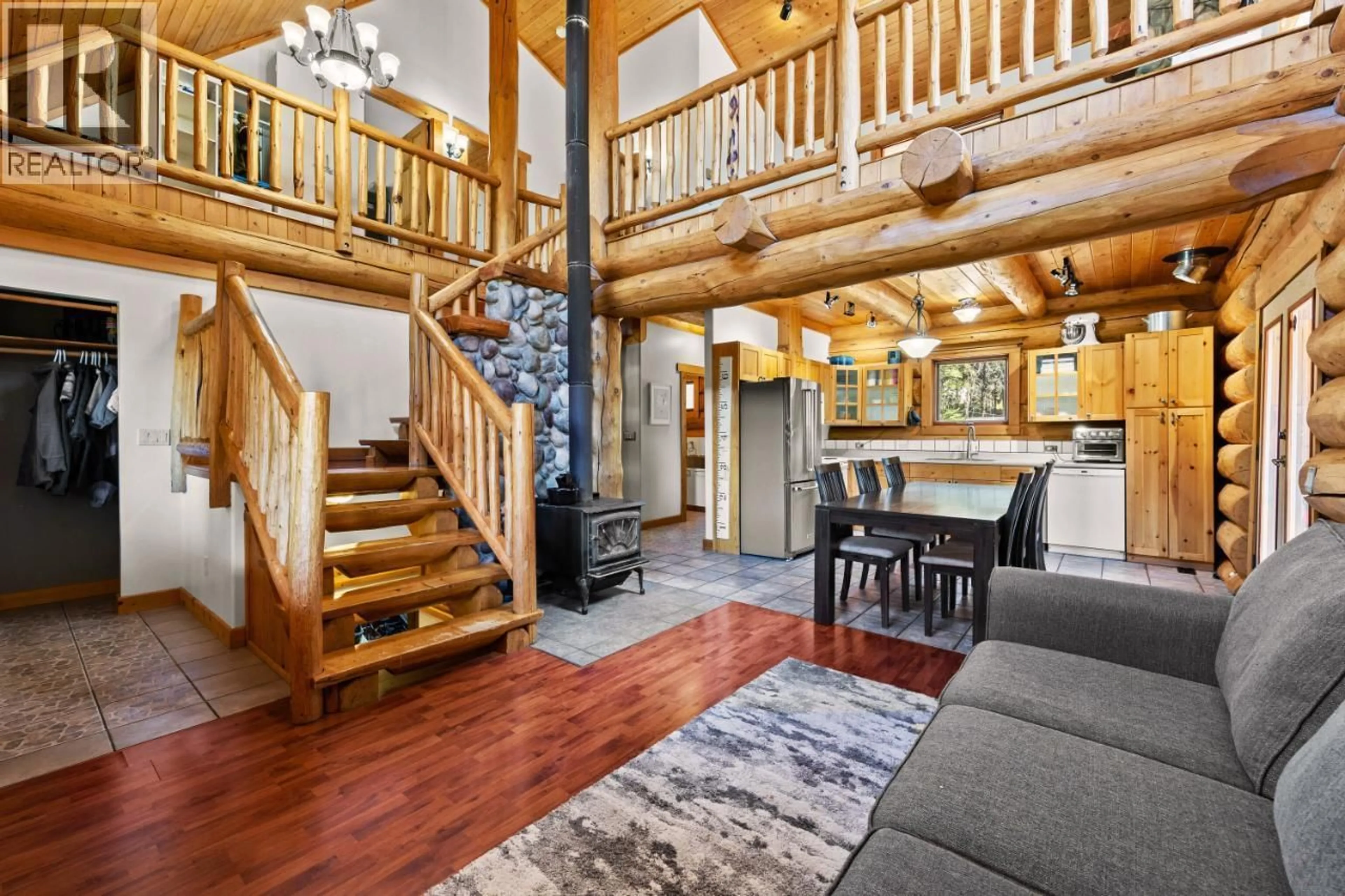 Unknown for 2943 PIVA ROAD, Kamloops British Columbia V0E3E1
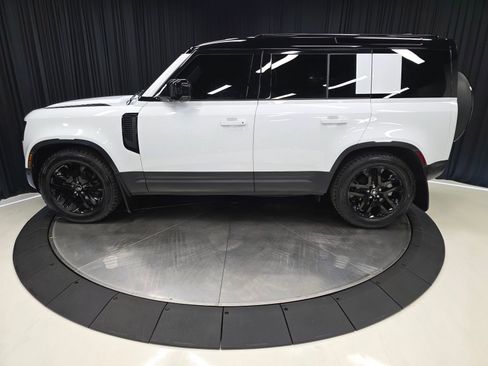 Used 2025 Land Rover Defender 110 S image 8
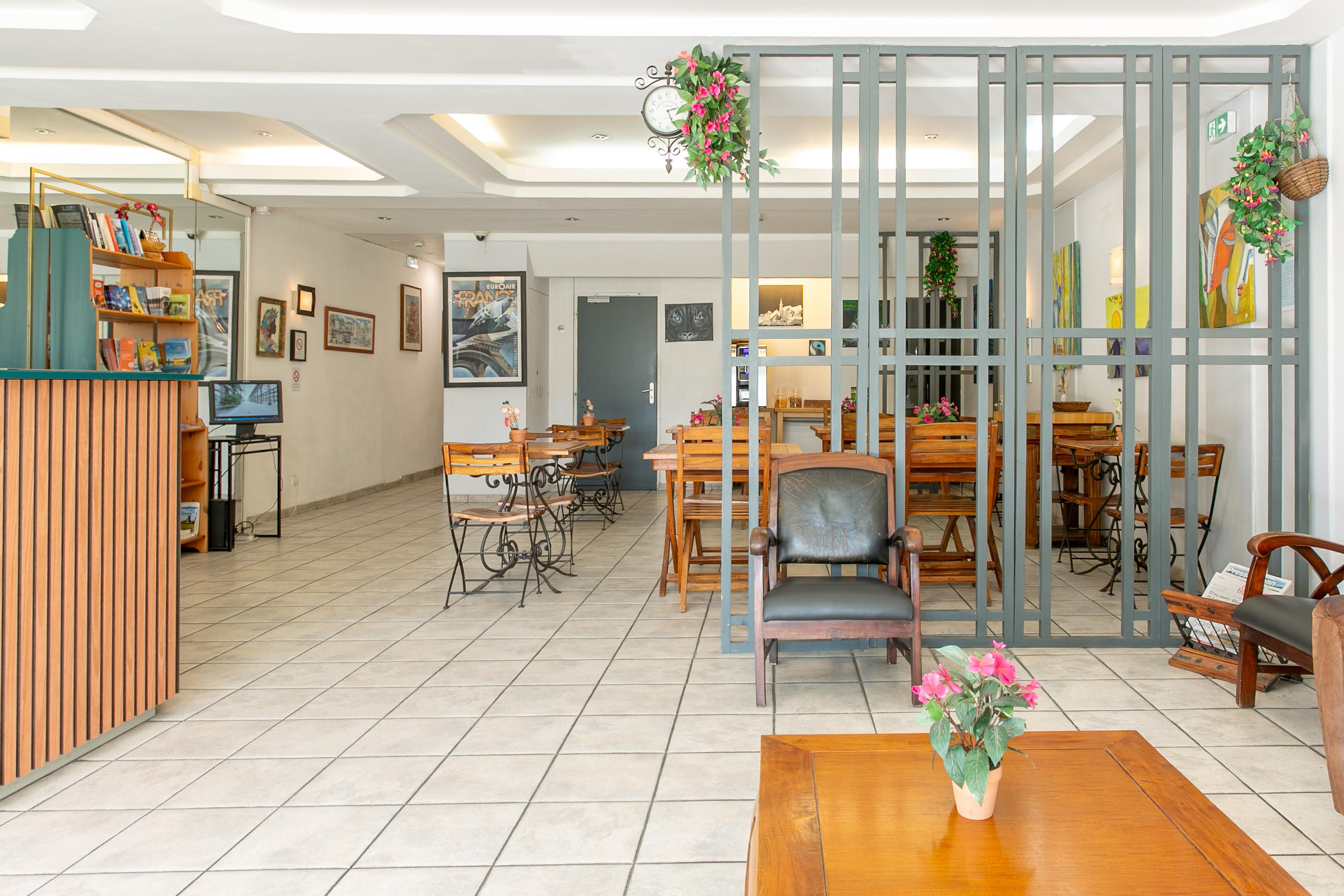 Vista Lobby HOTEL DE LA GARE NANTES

_What is being asked_
Could you write out every line above exactly as it stands, with no images?

_Solution to this exercise_
 Unknown for 2943 PIVA ROAD, Kamloops British Columbia V0E3E1
 Used 2025 Land Rover Defender 110 S image 8
 Vista Lobby HOTEL DE LA GARE NANTES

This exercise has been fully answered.